Frontalement confrontée à la mort d’une mère qu’elle ne connaît plus, Maria est totalement chamboulée Cherchant à retrouver un passé révolu et une mère qui n’est plus, Maria recrée dans sa chambre l’antre maternelle dont elle se souvient vaguement, composé d’objets de récupération, de désordre illustré par les poubelles et la saleté, et de ce bazar ayant provoqué sa séparation d’avec sa mère. Tout cela lui permettait, dans son enfance, de voyager dans un monde au-delà de son quotidien de fille pauvre londonienne.
La deuxième partie du film peut dans un premier temps perturber et même dégoûter le spectateur.Mais le film parvient à organiser avec brio ce changement de ton et fait réellement ressentir le désespoir et la tristesse, jamais apparente, de son personnage principal qui subit une perte de repère que la mise en scène accompagne par des moments lancinants, des mouvements de caméra plus brutaux représentant aussi bien la détresse que la colère.
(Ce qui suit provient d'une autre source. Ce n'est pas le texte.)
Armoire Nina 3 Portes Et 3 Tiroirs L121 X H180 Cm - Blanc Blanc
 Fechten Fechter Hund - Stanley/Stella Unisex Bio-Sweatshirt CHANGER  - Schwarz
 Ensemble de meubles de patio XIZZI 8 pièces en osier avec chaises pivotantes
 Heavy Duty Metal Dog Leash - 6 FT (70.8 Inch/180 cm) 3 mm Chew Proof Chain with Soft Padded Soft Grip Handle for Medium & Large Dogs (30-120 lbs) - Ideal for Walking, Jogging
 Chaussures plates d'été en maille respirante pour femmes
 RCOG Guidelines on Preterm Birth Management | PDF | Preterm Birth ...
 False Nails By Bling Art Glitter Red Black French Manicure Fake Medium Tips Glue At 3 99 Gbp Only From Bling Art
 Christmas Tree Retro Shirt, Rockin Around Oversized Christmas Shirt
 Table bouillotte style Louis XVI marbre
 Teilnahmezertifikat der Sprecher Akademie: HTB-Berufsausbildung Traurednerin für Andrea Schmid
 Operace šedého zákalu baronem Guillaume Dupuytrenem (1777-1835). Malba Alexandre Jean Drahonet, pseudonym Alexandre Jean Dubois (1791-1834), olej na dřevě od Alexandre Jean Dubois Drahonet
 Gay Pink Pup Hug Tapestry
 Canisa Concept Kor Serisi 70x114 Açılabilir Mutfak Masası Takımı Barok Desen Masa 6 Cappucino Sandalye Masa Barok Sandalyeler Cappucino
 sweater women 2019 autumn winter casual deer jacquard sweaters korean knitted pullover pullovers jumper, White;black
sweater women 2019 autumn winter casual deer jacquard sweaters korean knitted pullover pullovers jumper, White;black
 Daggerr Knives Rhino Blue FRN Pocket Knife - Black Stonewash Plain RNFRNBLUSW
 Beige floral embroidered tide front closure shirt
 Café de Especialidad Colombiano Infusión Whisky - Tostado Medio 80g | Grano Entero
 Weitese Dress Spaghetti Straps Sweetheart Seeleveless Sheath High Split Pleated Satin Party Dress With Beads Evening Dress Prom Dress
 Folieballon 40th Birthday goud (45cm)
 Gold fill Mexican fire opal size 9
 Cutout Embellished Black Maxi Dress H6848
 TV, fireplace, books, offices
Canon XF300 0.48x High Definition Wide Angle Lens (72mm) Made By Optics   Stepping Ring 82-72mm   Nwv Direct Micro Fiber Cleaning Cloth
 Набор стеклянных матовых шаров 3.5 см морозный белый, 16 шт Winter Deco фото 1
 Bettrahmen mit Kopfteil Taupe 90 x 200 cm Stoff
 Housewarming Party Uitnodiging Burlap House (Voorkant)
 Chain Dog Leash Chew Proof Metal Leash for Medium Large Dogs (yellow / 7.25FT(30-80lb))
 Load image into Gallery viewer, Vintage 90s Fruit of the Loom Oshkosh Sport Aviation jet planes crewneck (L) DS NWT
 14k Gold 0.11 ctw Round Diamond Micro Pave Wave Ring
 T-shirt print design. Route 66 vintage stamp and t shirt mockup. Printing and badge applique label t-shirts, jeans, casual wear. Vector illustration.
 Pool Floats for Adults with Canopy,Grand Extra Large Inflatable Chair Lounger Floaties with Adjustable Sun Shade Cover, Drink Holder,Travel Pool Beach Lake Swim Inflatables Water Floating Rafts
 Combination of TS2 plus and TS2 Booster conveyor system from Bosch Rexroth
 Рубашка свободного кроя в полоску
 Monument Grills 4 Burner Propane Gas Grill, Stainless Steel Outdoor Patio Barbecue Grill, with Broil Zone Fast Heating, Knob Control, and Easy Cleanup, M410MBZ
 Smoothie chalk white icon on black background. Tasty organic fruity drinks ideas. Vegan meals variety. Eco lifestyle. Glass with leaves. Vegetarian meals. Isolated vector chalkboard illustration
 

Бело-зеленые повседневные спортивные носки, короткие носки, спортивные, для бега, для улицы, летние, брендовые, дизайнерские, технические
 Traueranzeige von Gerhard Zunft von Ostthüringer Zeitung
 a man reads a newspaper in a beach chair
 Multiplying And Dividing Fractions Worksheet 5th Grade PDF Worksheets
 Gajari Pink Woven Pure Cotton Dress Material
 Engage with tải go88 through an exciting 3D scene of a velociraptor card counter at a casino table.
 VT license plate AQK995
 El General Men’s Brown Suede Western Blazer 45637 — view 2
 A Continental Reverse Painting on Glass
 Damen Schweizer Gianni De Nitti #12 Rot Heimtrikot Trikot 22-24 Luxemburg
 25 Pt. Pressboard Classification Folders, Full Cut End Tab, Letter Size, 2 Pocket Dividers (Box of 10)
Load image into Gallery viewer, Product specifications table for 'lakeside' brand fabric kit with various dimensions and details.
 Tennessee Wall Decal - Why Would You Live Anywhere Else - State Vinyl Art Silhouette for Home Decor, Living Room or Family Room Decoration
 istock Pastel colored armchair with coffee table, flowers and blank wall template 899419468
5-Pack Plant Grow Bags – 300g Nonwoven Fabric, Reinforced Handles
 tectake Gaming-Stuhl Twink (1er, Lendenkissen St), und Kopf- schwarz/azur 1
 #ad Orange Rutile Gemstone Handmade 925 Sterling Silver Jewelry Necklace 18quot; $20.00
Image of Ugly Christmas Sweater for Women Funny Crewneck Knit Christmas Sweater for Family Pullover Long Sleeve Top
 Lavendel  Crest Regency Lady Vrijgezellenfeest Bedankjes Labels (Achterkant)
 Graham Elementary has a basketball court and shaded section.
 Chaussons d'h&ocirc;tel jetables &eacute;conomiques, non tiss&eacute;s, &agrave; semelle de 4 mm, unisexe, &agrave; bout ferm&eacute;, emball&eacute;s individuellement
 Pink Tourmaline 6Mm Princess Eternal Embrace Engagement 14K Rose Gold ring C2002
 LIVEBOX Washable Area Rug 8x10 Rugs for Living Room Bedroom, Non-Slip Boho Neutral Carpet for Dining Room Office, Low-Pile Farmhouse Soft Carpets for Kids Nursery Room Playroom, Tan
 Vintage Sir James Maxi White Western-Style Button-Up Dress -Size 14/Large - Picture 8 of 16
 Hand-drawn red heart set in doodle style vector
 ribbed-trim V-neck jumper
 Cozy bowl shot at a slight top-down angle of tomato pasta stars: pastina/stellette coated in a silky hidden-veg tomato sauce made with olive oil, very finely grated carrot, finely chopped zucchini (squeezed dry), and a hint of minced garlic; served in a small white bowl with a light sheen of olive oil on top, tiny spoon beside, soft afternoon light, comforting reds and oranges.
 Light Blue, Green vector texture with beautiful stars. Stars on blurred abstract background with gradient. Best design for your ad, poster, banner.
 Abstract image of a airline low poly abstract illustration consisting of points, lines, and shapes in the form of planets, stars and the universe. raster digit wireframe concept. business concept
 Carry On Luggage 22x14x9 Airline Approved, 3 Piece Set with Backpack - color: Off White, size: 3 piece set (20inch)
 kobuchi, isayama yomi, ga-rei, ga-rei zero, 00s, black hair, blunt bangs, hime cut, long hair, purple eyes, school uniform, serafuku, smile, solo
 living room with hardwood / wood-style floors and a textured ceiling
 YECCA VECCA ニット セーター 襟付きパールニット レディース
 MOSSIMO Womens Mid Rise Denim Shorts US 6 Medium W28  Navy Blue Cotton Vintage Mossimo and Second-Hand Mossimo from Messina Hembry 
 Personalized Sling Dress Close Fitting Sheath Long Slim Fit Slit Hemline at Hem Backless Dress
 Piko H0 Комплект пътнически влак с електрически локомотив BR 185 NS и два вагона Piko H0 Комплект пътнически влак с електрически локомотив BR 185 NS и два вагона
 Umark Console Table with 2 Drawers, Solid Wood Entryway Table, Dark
En se centrant uniquement sur Maria, la caméra devient la témoin des changements de son personnage et s’adapte, par ses placements judicieux ou son passage à l’épaule d’une adolescente qui n’a plus les pieds dans la réalité.
A l’image d’autres réalisateurs de ce « nouveau cinéma britannique » comme récemment avec Bird d’Andrea Arnold (2024) ou encore How to have sex de Molly Manning Walker (2023) Luna Carmoon cherche à identifier et montrer le mal-être adolescent et y parvient avec une beauté poétique jamais complaisante et toujours très juste. Comme Bird a su le faire en début d’année, se rapprochant grandement de Bird, Luna Carmoon évite le fantastique, mais laisse constamment planer le doute d’une possible rupture vers ce genre. La mutation de son personnage se fait donc dans un réalisme frontal digne des plus grands films sociaux britanniques.
L’autre intérêt du métrage repose dans son placement temporel. Situant son film dans les années 80-90, la réalisatrice décrit aussi bien une époque qu’elle semble davantage connaître, et met de côté toutes les technologies contemporaines qui pourraient venir atténuer son propos (ce qui est le cas de la série Adolescence par exemple, où les technologies prennent le pas sur la construction psychologique réelle du personnage). Finalement, l’adolescence, qu’elle soit obstruée par les réseaux sociaux ou non, montre les mêmes démons dans la construction d’un être en devenir, et Crasse propose peut-être l’un des plus beaux films sur l’adolescence britannique depuis ceux d’Alan Clarke.